Rossi began by asking the panelists to rate the importance of casual games in their business.
Macromedia's Tom Higgins answered seven and a half or eight for his company's business, while Chris Melissinos of Sun Microsystems rated the importance of casual games to the Java creator at a firm eight. “Most people's exposure to Java has been through casual games,” Melissinos said. “On sites like java.com, 90 percent of the content is game-related. The casual games space is vitally important to continually rolling our the Java technology,” he added.
Melissinos also affirmed that casual games were likely to drive adoption of new technologies too, and said there were two top reasons people download Java. One is for various communication tools, namely chat applications, and the other is for games. However, casual games drive the technology not directly, but indirectly via the users, who aren't necessarily the users we expect them to be.
Melissinos pointed to Runescape - a game that was mentioned repeatedly during the two-day MMOG conference - as one game that drives technology indirectly, saying the link is the player base, or the children in our homes. The youngest generation is in essence what's pushing Java and other game-playing applications, he said. “The entry to technology that kids are most receiving today is through casual games,” he said.
Higgins agreed, saying that for Macromedia's Director and Shockwave in particular, games cause the most growth of those product lines. “Shockwave is getting put on people's machines because they want to play and be entertained.”
Future Innovation?
Rossi, forever asking questions that are difficult to skirt around, bluntly asked, “What's your sales pitch?” He refined the question slightly to ask what innovations are coming down the line to give customers comfort that they're making the right decision when they purchase the product.
Higgins' answer consisted of “high-performance, interactive media” and “richness,” citing improvements to the Flash player in terms of playback media support and upcoming advances on the 3D engine. He said looking at 3D and real-time capabilities were most important, singing the old “author once, deploy anywhere” metaphor. Melissinos' answer was so forward it shocked a few audience members and the moderator: “There is no game being written today that cannot be written in Java,” teasing, “You want to do Doom 3 shaders in Java?”
“I don't think Sun knew what the hell they had. It was supposed to be used to make TV controls... Today's current Java - because it is not interpreted - is compiled at the time you actually run it and can be compiled more efficiently.

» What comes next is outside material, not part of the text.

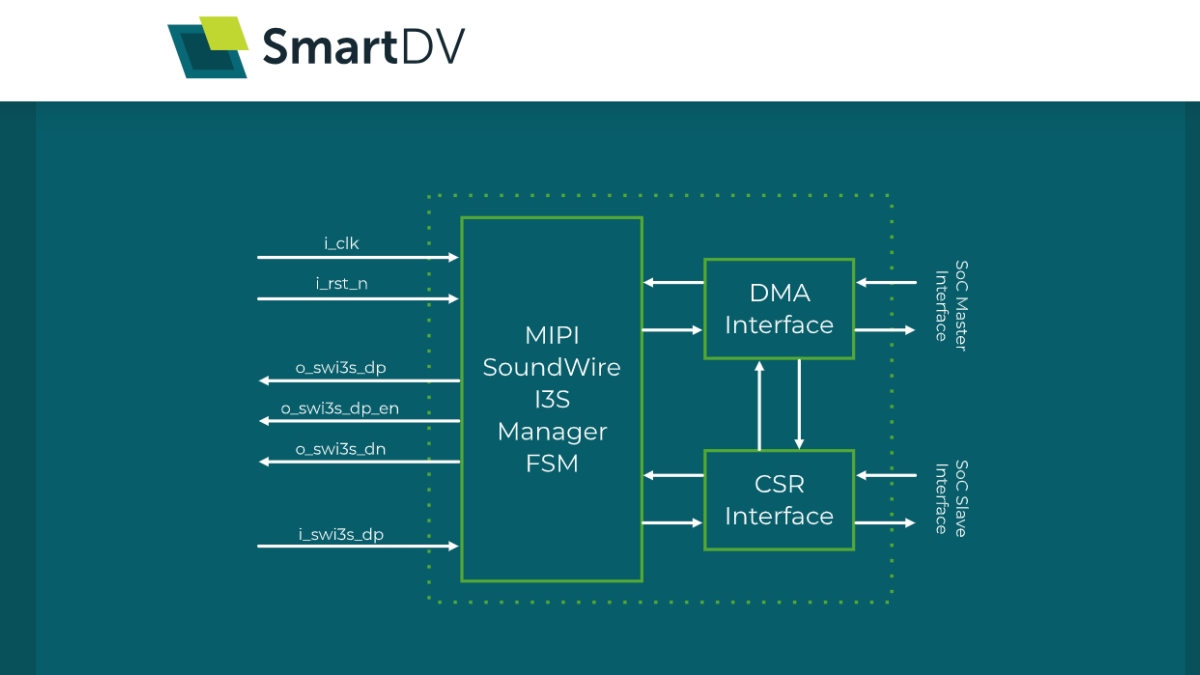 Smartdv SmartDV Announces Multiple Customer Licenses for MIPI® SoundWire® I3S ...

Sixty-seven percent of all new PCs shipping in the market today are shipping with current Java,” said Melissinos.
The mention of pre-installed software tipped moved the panelists to further investigate the user experience for their respective technologies and for casual games in general. “One of the key issues in making a game is to know how many people can use it without downloading any new app,” Rossi summarized.
“I think the market has already proved that if the application is good enough, people are willing to go through a whole load of garbage to get it,” said Melissinos. “Consumers have proven this over and over again.” Still, the 67 percent pre-installed rate spoke best for him. “Ask any console manufacturer if they want 67 percent of the market,” he added with cocky assurance. Shockwave doesn't quite measure up to Melissino's number, but is slightly below “at about the 54 or 55 percent mark” according to Higgins.
Conclusion
The panel further discussed issues such as debug time, the pervasiveness of C++ as a programming language (mentioning though that the best casual games are generally not written in that language), VM overhead, and writing for cross-platform capabilities without constant re-authoring. Rossi then finished with a comparison of the technologies from his point of view, completing an interesting panel which showcased some of the minds behind the most pervasive game-capable plug-ins available on all computer desktops.